Dispatching Axon Events to Non-Axon Actors via Kafka

Hello,

I have a set of axon-based spring-boot microservices and need to dispatch events emitted from each microservice to a node.js consumer for the purposes of ML/AI.

Kafka seems to be a viable solution as these services would publish their events to Kafka, which the node application subscribes to.

How best do I go about this, given that I want to maintain Axon Server as the event store as well as the default EventBus?

Hi Kahiga,

One way to do this would be to use the Axon Framework Kafka extension. With the recent 4.6 release you can use a service like here. The 4.6 also supports sending the event to Kafka using the Cloud Events spec.

There are a lot of other ways, you could configure an event processor, and for example use spring Kafka to send the events.

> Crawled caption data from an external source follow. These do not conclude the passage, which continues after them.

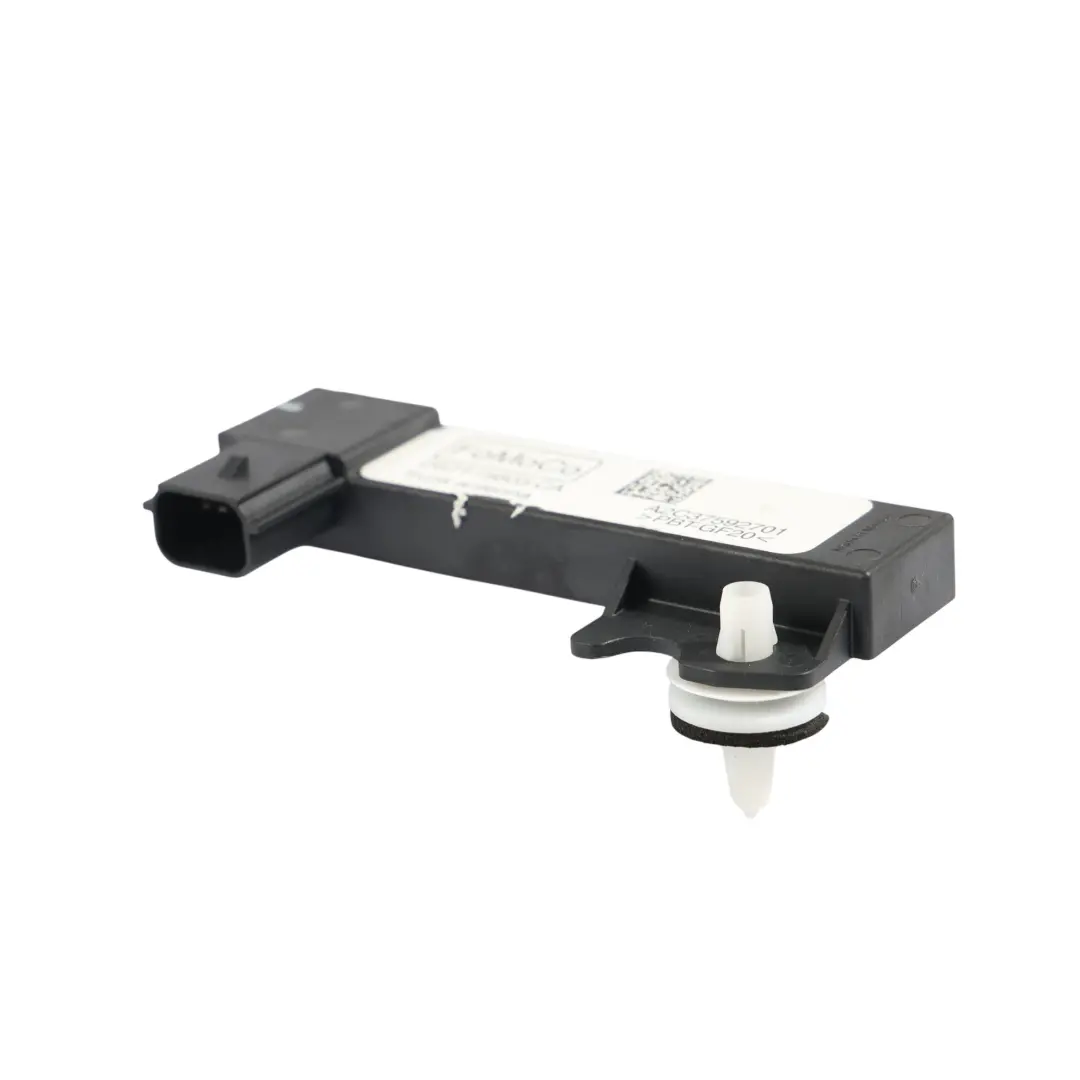 Mk2 Modulo Amplificatore Antenna Keyless Entry per Volkswagen Amarok con numero di parte DS7T-15603 Volkswagen Amarok Mk2 Modulo Amplificatore Antenna Keyless Entry - SKU DS7T-15603-CA - Numero di parte DS7T-15603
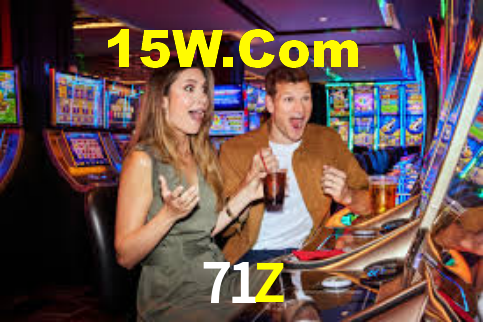 71Z,71Z.Com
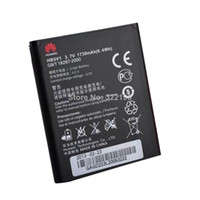 Huawei HB5V1 Battery :  Y300, Y300C, Y500, Y511,T8833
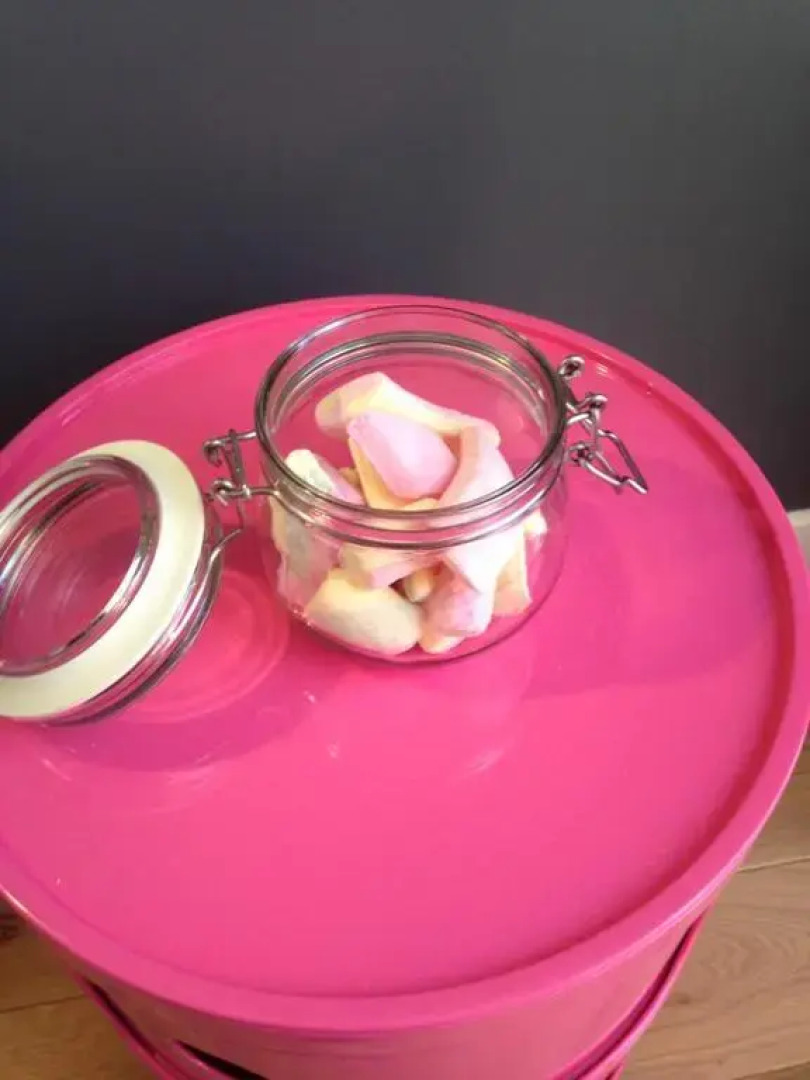 Les Jardins De Galicia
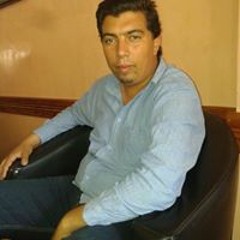 Ramzi Soua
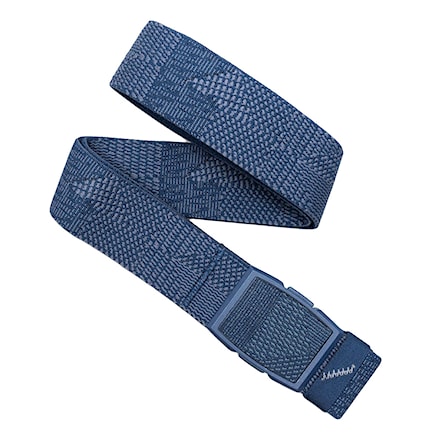 Belt Arcade Skyline navy 2025 - 1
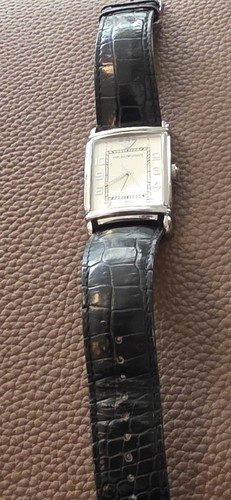Emporio armani herren 0432 - emporio,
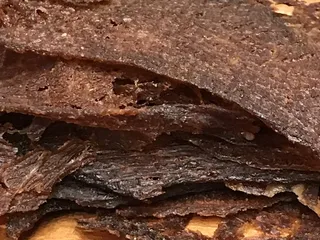 Tasty Jerky Hawaii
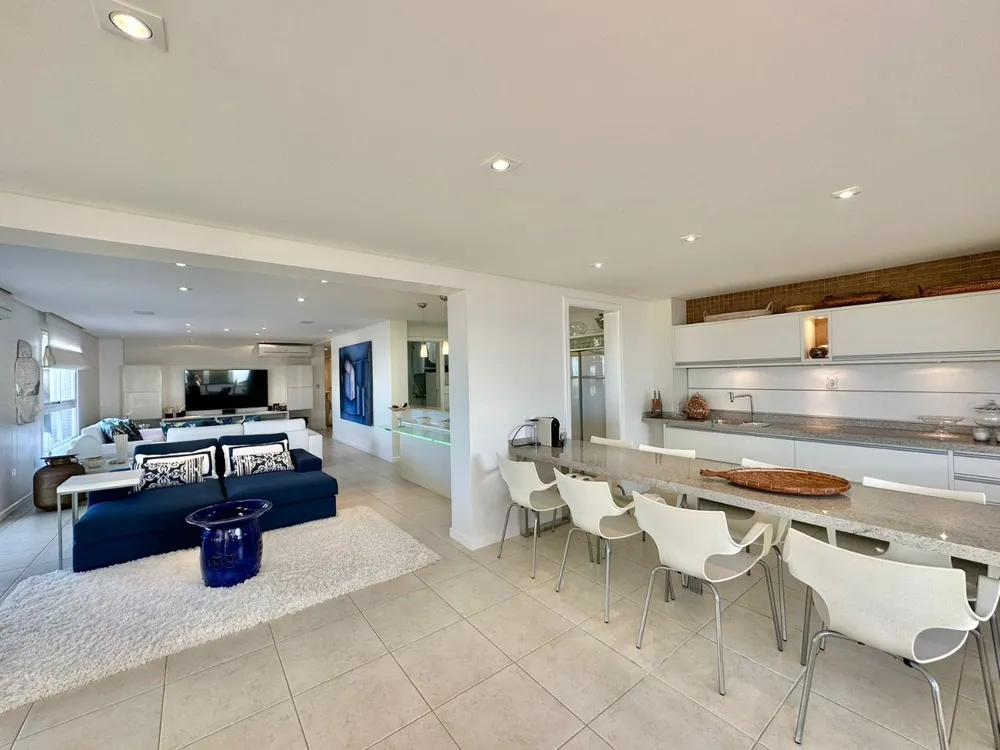 Apartamento, 3 quartos, 297 m² - Foto 7
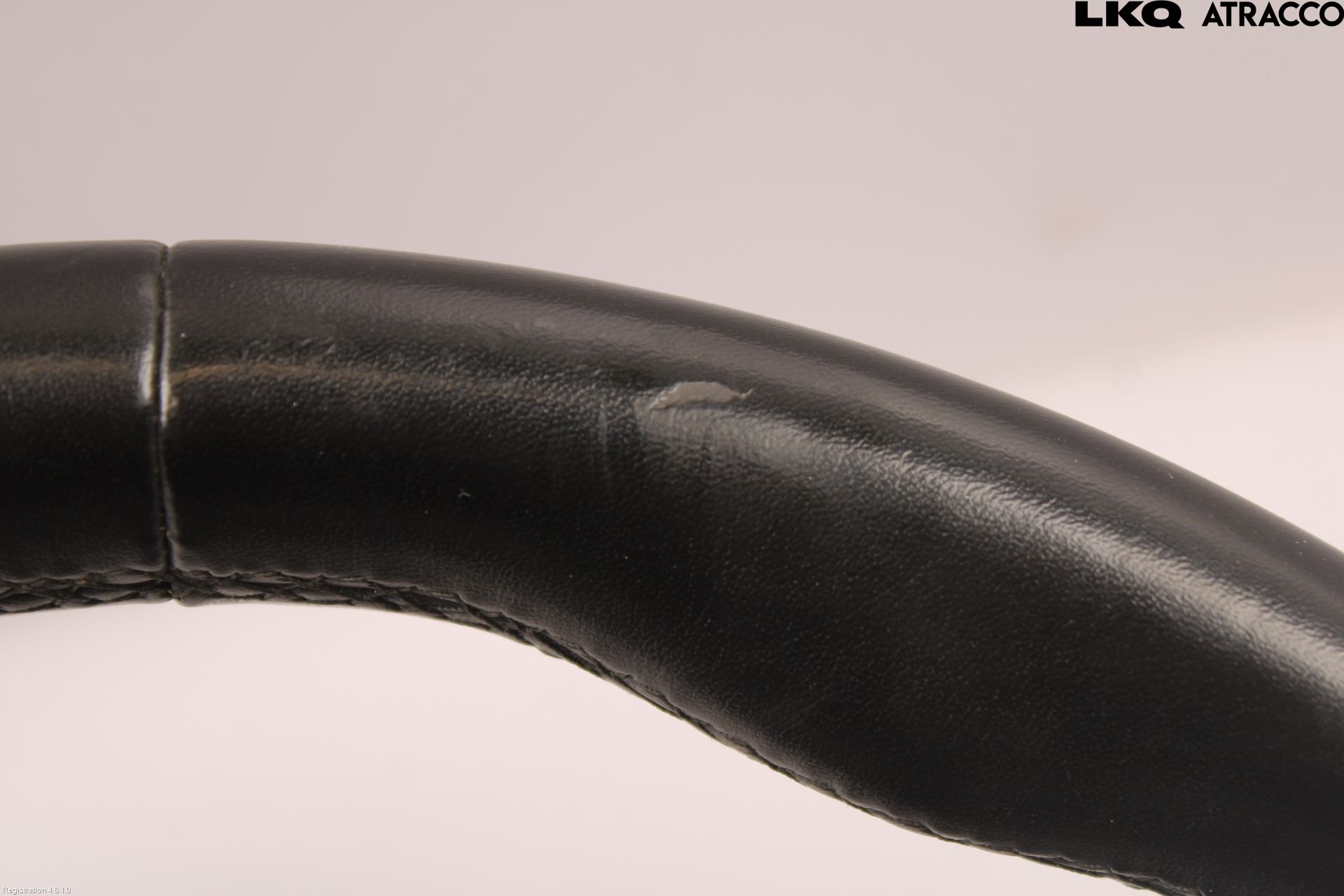 BMW X3 F25 10-17 Ratt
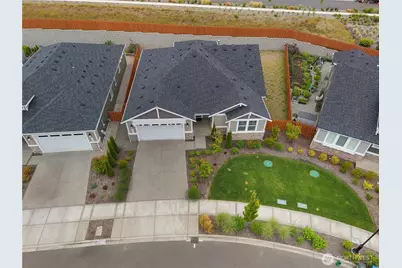 2905 Arrowroot Loop SE, Lacey, WA 98513 - Photo 19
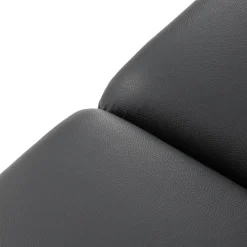 brühl Einzelsofa Roro-Medium Kat. 542, 5423 Unit 10 Sale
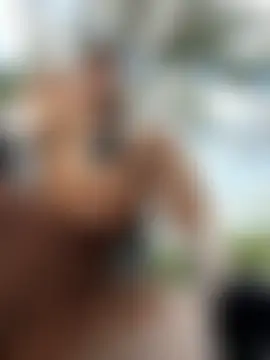 Adora188's Live Sex Cam Show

A lot depends on the format you want to have for the messages, and for example how to keep track of the event stream. Using the Axon Framework extension the tokens are stored on Kafka, so on restart it can continue where it was left.

Please let us know of you have additional questions or concerns.

Hi Gerard,

I understand that this is a late reply; however, it was apparent that I didn’t understand Kafka in the first place. I can say that I’m now knowledgeable of the framework and have successfully set it up in a production environment, connected to the broker from multiple clients (JS, Python and Java/Spring); the axon-kafka-spring-boot-starter came in handy.

Your reply set me in the right direction, and for that, I am grateful.

Regards,
Kahiga Kiguru.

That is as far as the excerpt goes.